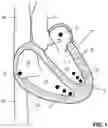 Fig. 02 - Cardiac Device, Method and Computer Program Product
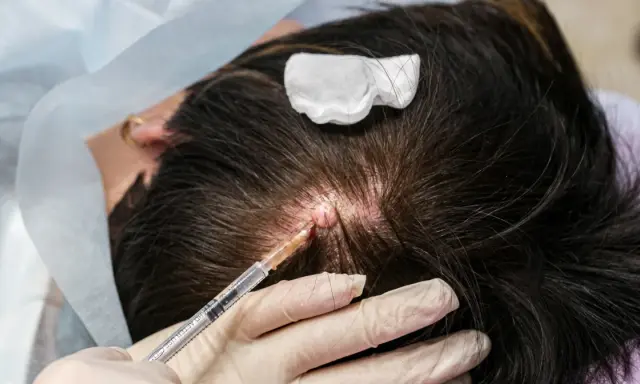 Zabieg usuwania kaszaka na skórze głowy. Strzykawka z lekiem, prawdopodobnie maść na kaszaki, jest wprowadzana do zmiany.
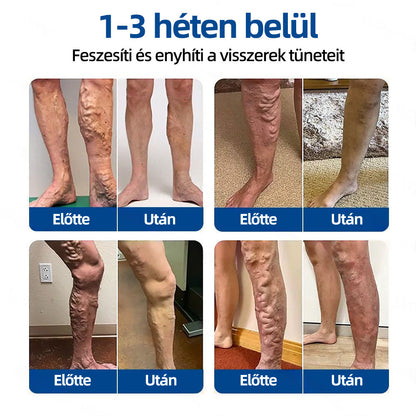 🌲Healrize® Vénacélpont mikrotűs tapasz⚡Azonnali enyhülés hosszú távú eredmények🇭🇺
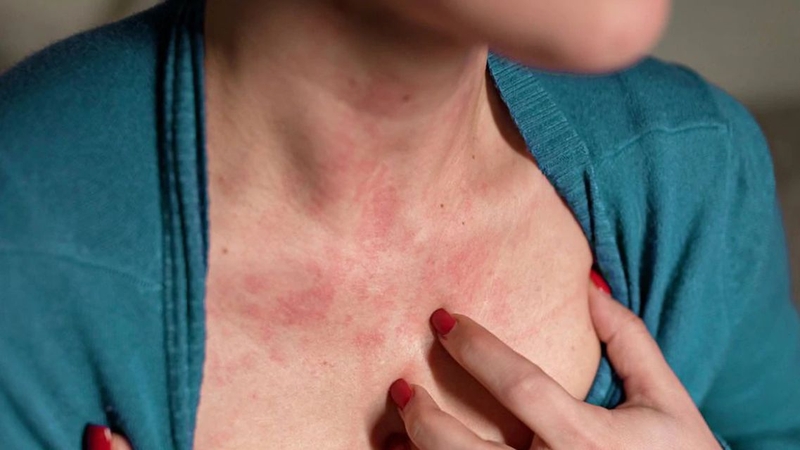 Bệnh lý gan mật có thể làm suy giảm dòng chảy của mật, gây ứ mật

**EXERCISE AIM**:
The material must be returned exactly, with its pictures omitted.

**TASK OUTPUT**:
 Fig. 02 - Cardiac Device, Method and Computer Program Product
 Zabieg usuwania kaszaka na skórze głowy. Strzykawka z lekiem, prawdopodobnie maść na kaszaki, jest wprowadzana do zmiany.
 🌲Healrize® Vénacélpont mikrotűs tapasz⚡Azonnali enyhülés hosszú távú eredmények🇭🇺
 Bệnh lý gan mật có thể làm suy giảm dòng chảy của mật, gây ứ mật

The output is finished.